When our local DNR agent responded to our invitation to walk our woods, we learned our most valuable trees are the oaks, and that they will be kept healthiest if we remove competition growing directly beneath their canopy. I mentioned it would be a challenge for me to identify what is good and what is bad.
You know how much of an aversion I have to cutting down live trees.
He was quick to volunteer to return later and mark trees for removal. Most of them are relatively small diameter and will be easy to bring down.

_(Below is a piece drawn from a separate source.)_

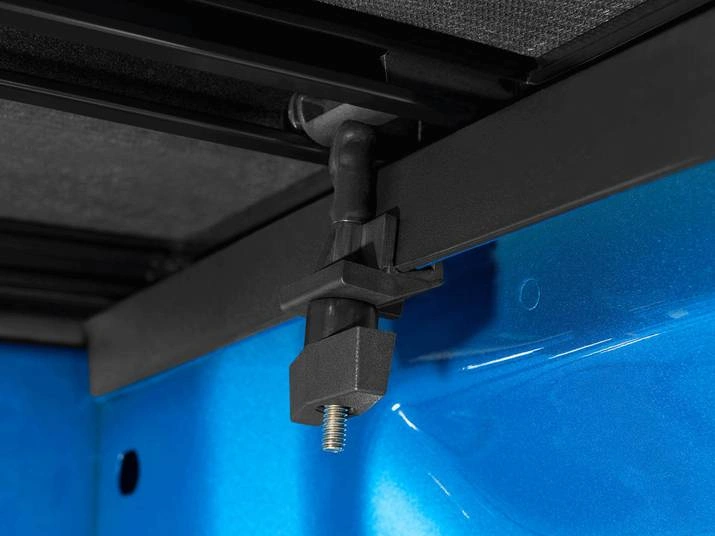 RealTruck Extang Trifecta ALX Soft Folding Tonneau Cover Review 4 T-Handle Clamps
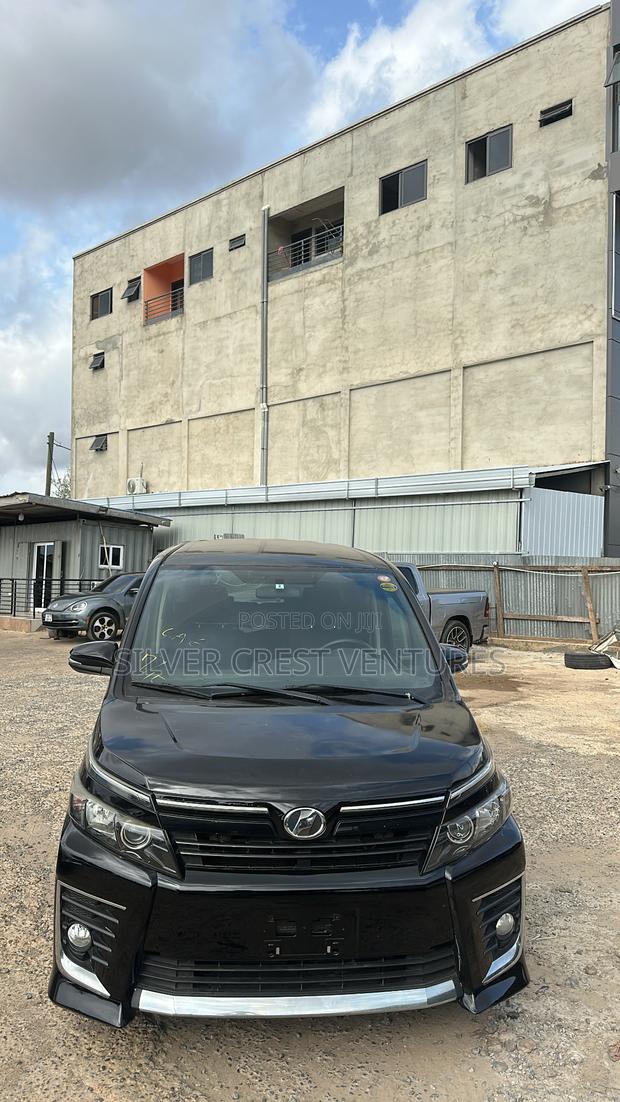 Toyota Voxy SV Premium 2014 Black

Cyndie and I decided yesterday was a good time to start on the project.
Heck, I can’t drive the tractor anywhere yet, so we may as well create piles of branches to be chipped at a later date.
About those red marks… When you get a chainsaw in your hands, suddenly trees with red dots show up at every turn. Maybe that is because I just chose to start with the trees right below the driveway. Some of our biggest oaks are right there (hence the thick carpet of leaves that land on the yard) and that meant a lot of trees to be culled all the way around each of the large oak trunks.
I took some solace in being able to see visible evidence of just the problem our DNR forester described. Oak trees stop feeding lower limbs when other growth begins to encroach from below. That can lead to a lopsided or top-heavy oak.
When we pulled down the smaller trees, it was easy to see the number of bottom oak branches that had already been left for dead.
Unfortunately, we grew weary after just a couple of hours of cutting up and piling branches of the easiest trees felled. Several substantial sized red-marked trees remain. That will be a project for another day.
I may just move on further into the woods where I know there are a lot of small (easy) red-marked trees, before returning to take down the larger diameter encroachers by the driveway.
That project will be delayed a little bit now, though, as the more immediate pressing need is for plowing and shoveling snow. We received a decent amount of sticky flakes yesterday afternoon and overnight.